La pace, l'unico blitz possibile.
L’Unione delle comunità islamiche in Italia, le Donne in Nero di Bologna, l’Arci, la Federazione nazionale della stampa, i giornalisti Rai, la Tavola della Pace, Ds, Rifondazione, Verdi. A piazza Esedra, prima dell’avvio della manifestazione, è un gran transitare di esponenti della società civile, partiti, associazioni e gente comune confluita in piazza della Repubblica per chiedere la liberazione dell’inviata del Manifesto Giuliana Sgrena, di Florence Aubenas, giornalista di Liberation e del suo interprete Hussein Hanoun, tutti e tre rapiti in Iraq, il paese del quale quotidianamente raccontavano le tragedie, le sofferenze, gli stenti inflitti dalla guerra.

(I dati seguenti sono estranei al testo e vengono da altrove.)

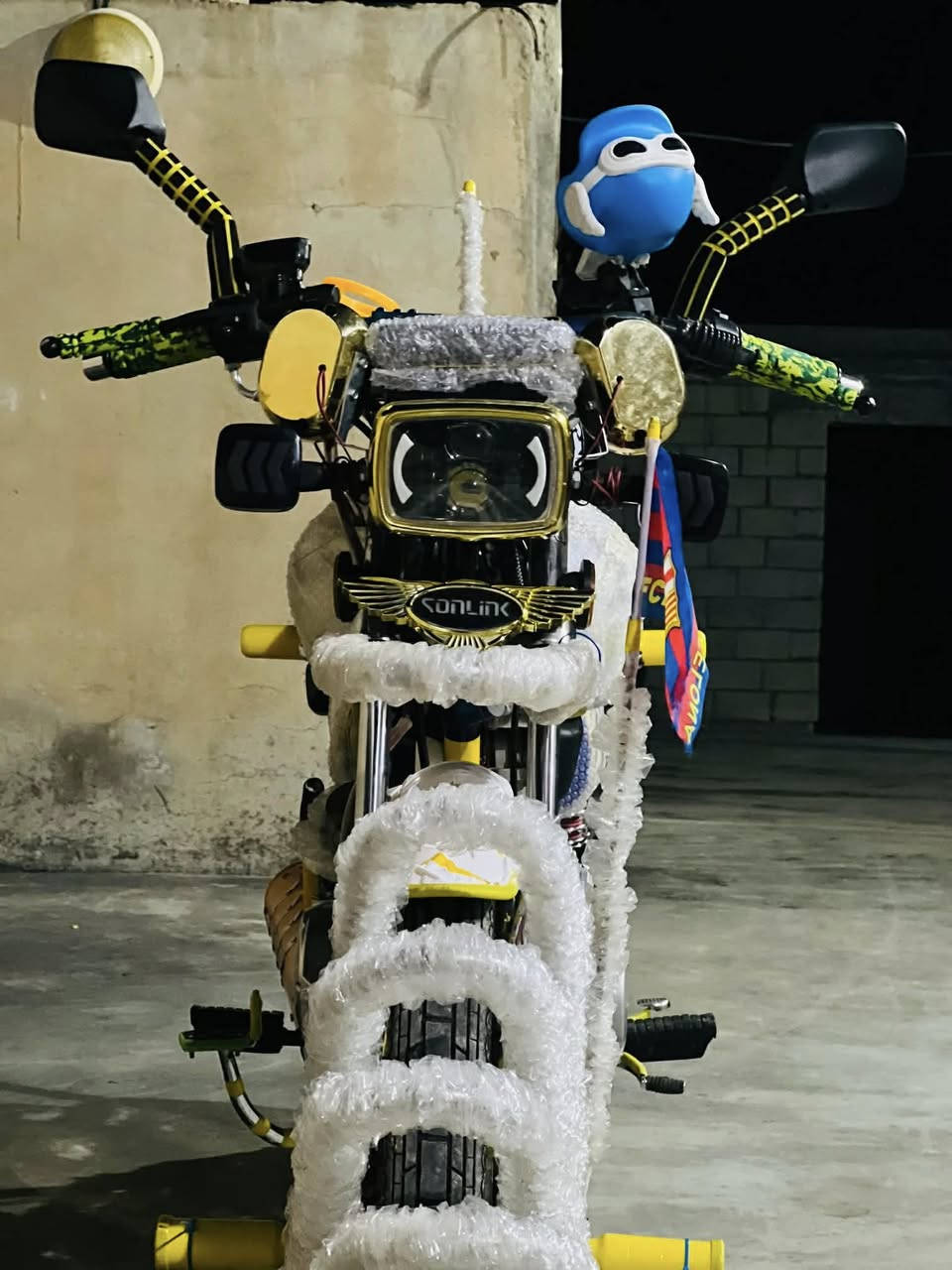 السلام عليكم للبيع سونك موديل 24وضع شركة.        بعدو بل باكيت منفيس موجود.         شرط من كلشي.            سعر 870وبي مجال.       مكان الحويجه.


**إذا كنت صاحب هذا الإعلان وتريد حذفه لأي سبب، رجاءا أرسل رسالة إلى الدعم الفني**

Gli organizzatori distribuiscono l’adesivo ufficiale della manifestazione. Vauro, vignettista del Manifesto, ha disegnato una famiglia – padre, madre e figlio – pronta a caricare, con la bandiera della pace utilizzata come se fosse una lancia. «L’unico blitz possibile», questa la frase che accompagna il disegno. Vauro ha colto nel segno, riassunto in uno schizzo i tre temi di questa giornata: la pace come “politica preventiva”, la fine delle ostilità in Iraq, la liberazione di chi con coraggio testimonia le sofferenze del popolo iracheno. Le tre cose si legano inscindibilmente, l’una all’altra e danno modo, dopo un po’ di tempo, di rilanciare con forza la pace in Italia. Arrivano in piazza il padre di Giuliana Sgrena e Pier Scolari, il compagno. Intorno a loro si formano capannelli di giornalisti e fotografi, i primi pronti ad annotarne le dichiarazioni, i secondi impegnati a immortalare i loro volti. Sembrano fiduciosi, rassicurati da tutta questa gente accorsa a Roma da più parti d’Italia. Ci sono i pensionati della Spi-Cgil di Brescia, un gruppetto di sardi tra i quali spicca una signora avvolta nell’immancabile bandiera, quella con i quattro mori.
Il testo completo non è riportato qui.